Opportunity to Network

The reason that many career development experts advise students to wear business attire, carry numerous copies of their resumes and take business cards when they attend on-campus career fairs is because these events represent prime networking opportunities. The main objective of college career fairs is undoubtedly to get face time with company recruiting representatives who just may be hiring managers. However, there is a social aspect of career fairs that is often forgotten by nervous attendees who are busy trying to remember their elevator speeches about their job objectives right before meeting company representatives. Many of today’s employers are looking for people who not only have the desired technical skills for advertised positions, but they have interpersonal skills as well. They want to hire people who will fit within their company’s culture and work well within their established project teams. A student who can relax a little, show their personality and their technical skills allows recruiters to assess all of their positive attributes.

Feedback Given Freely

Campus career fairs and recruiting events are often facilitated by campus career guidance faculty and staff. Depending on the size of the event, students can sometimes ask one of these staff members to listen in on their interviews so that they can obtain valuable feedback. Also, company representatives understand that they are recruiting inexperienced but bright young people.

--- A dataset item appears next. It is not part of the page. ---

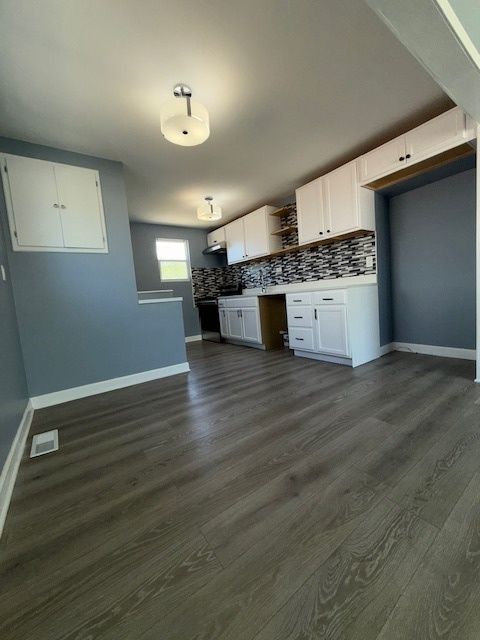 Tiny photo for 17745 Burnham Avenue, Lansing, IL 60438 (MLS # 12476523)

They often give feedback to attendees who did not present themselves as well as they could have during initial interviews.

Conclusion

College students and recent graduates get a great deal of career guidance and support from many universities. Their level of career success reflects to some extent on the quality of the education that they received during their university years, and most schools are eager for their graduates to make their marks within industry. A university student or recent graduate who properly prepares themselves for a job fair has taken the first step to showcase their talents for leading industry employers.